Wednesday, October 27, 2010

Thanks, Steve and Ann, for inviting us to spend a few days with you at the seashore. We loved it, and we are very sure that the children will never foret those special days with their mom and dad, enjoying the wonders of the surf and sand.

It was great, being with Beau and his dad, searching out the variety of tiny sea creatures that inhabit these tide pools among the rugged rock formations that are part of this particular beach. We saw sea anenami, small crabs and thousands of shell fish that fasten themselves to thes rocks along the shore.

Now, it's Gracie's turn! Oh, what fun!

Josh isn't looking to sure about this being buried in the sand, but, in fact, he loved it!
This is at the beach just down from the cottage where they were staying.
Steve and Gracie have just finished covering Josh and drawing designs to make it look like a turtle shell??

Linda could not negotiate the 199 steps down to the beach, but she did drive down to the public beach just a ways to the north and rolled up her pant legs and waded out into the surf. She loved it so much she was just about to dive in, clothes and all, when I took this picture.
The woman knows no fear!

This is the view of the Pacific Ocean from where Ann & Steve were staying. That is Catalina Island ("26 miles across the sea") in the distance.

Here is the delightful cottage that Stev and Ann rented during their one-week stay at Laguna Beach. It is just a half block off the Pacific Coast Highway, on a hill overlooking the ocean. To reach the beach, however, you must take a flight 199 stone steps from the street level down to the ocean.

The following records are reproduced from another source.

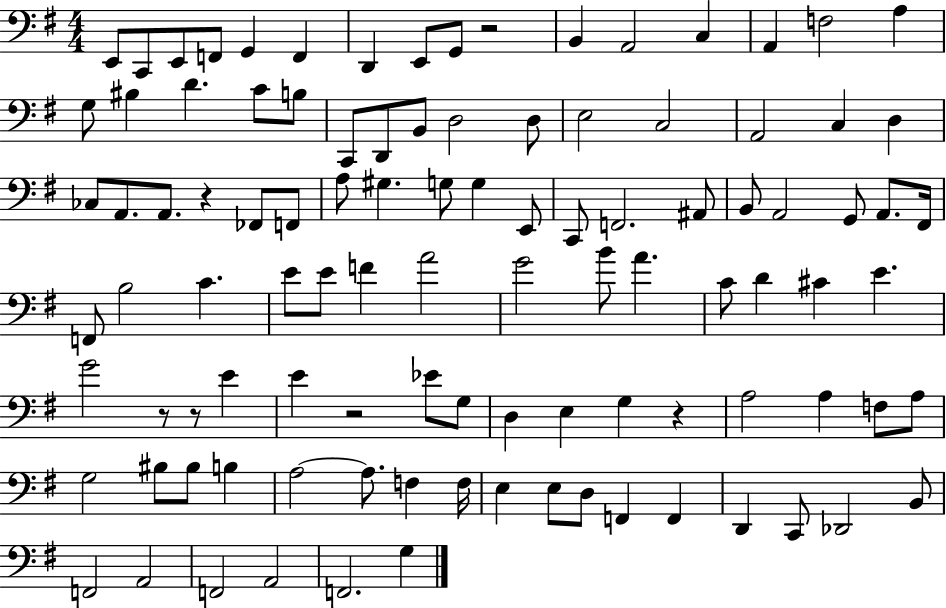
X:1
T:Untitled
M:4/4
L:1/4
K:G
E,,/2 C,,/2 E,,/2 F,,/2 G,, F,, D,, E,,/2 G,,/2 z2 B,, A,,2 C, A,, F,2 A, G,/2 ^B, D C/2 B,/2 C,,/2 D,,/2 B,,/2 D,2 D,/2 E,2 C,2 A,,2 C, D, _C,/2 A,,/2 A,,/2 z _F,,/2 F,,/2 A,/2 ^G, G,/2 G, E,,/2 C,,/2 F,,2 ^A,,/2 B,,/2 A,,2 G,,/2 A,,/2 ^F,,/4 F,,/2 B,2 C E/2 E/2 F A2 G2 B/2 A C/2 D ^C E G2 z/2 z/2 E E z2 _E/2 G,/2 D, E, G, z A,2 A, F,/2 A,/2 G,2 ^B,/2 ^B,/2 B, A,2 A,/2 F, F,/4 E, E,/2 D,/2 F,, F,, D,, C,,/2 _D,,2 B,,/2 F,,2 A,,2 F,,2 A,,2 F,,2 G,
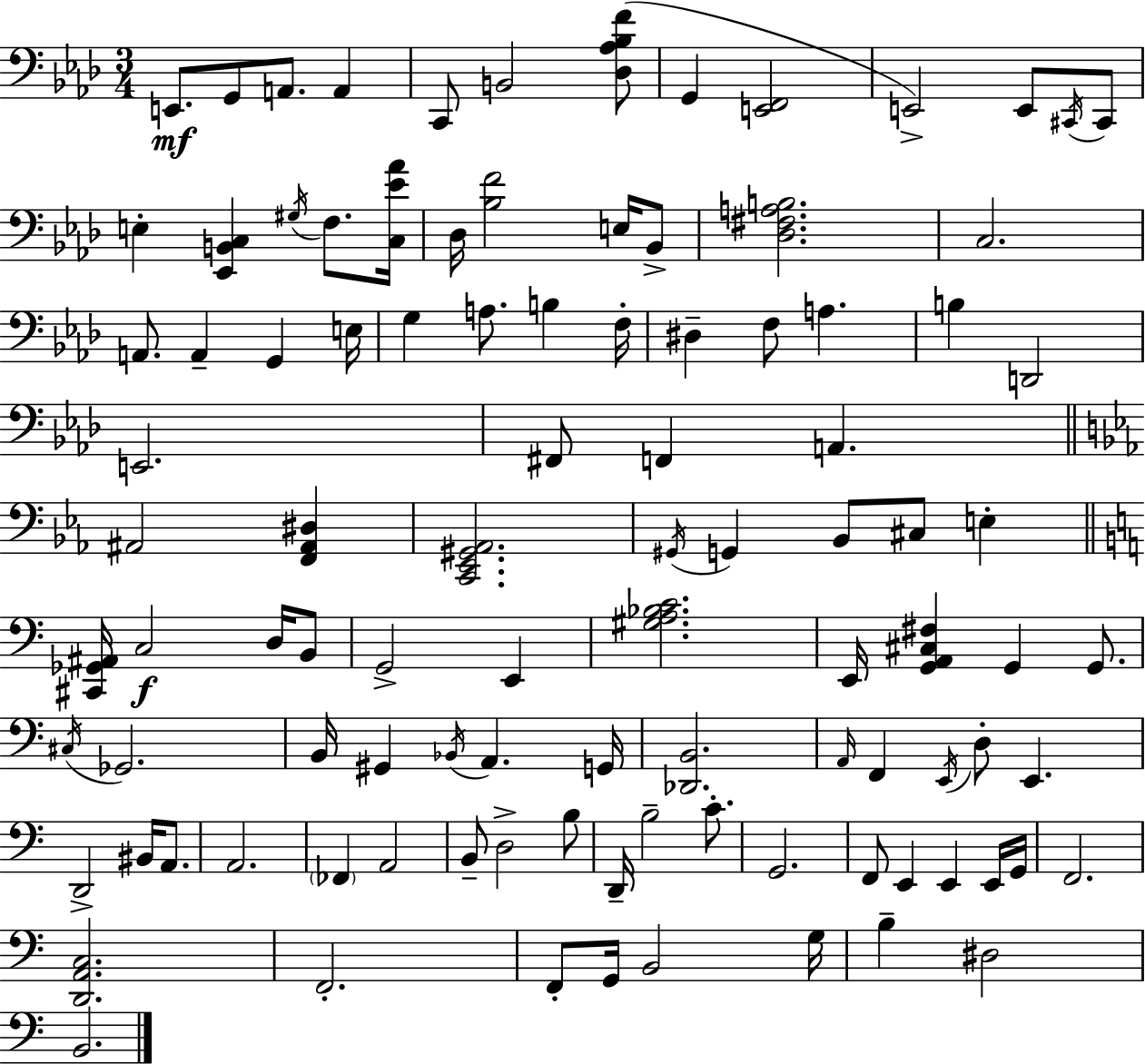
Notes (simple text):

E2/e. G2/e A2/e. A2/q C2/e B2/h [Db3,Ab3,Bb3,F4]/e G2/q [E2,F2]/h E2/h E2/e C#2/s C#2/e E3/q [Eb2,B2,C3]/q G#3/s F3/e. [C3,Eb4,Ab4]/s Db3/s [Bb3,F4]/h E3/s Bb2/e [Db3,F#3,A3,B3]/h. C3/h. A2/e. A2/q G2/q E3/s G3/q A3/e. B3/q F3/s D#3/q F3/e A3/q. B3/q D2/h E2/h. F#2/e F2/q A2/q. A#2/h [F2,A#2,D#3]/q [C2,Eb2,G#2,Ab2]/h. G#2/s G2/q Bb2/e C#3/e E3/q [C#2,Gb2,A#2]/s C3/h D3/s B2/e G2/h E2/q [G#3,A3,Bb3,C4]/h. E2/s [G2,A2,C#3,F#3]/q G2/q G2/e. C#3/s Gb2/h. B2/s G#2/q Bb2/s A2/q. G2/s [Db2,B2]/h. A2/s F2/q E2/s D3/e E2/q. D2/h BIS2/s A2/e. A2/h. FES2/q A2/h B2/e D3/h B3/e D2/s B3/h C4/e. G2/h. F2/e E2/q E2/q E2/s G2/s F2/h. [D2,A2,C3]/h. F2/h. F2/e G2/s B2/h G3/s B3/q D#3/h B2/h.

We were with Ann, Steve and their three children, Beau, 8, Gracie, 7, and Josh, 2 yrs, Mon - Wed, Oct 18, 19, 20. Despite the rainy weather we enjoyed some great time with them.
Beside several hours at the beach nearby, we did some sightseeing around this beautiful seaside community of Laguna Beach.
I took this picture as we were leaving a Marine life saving station, where they care for injured sea lions and seals. What you are seeing behind them is the acutal rib bone of a giant whale.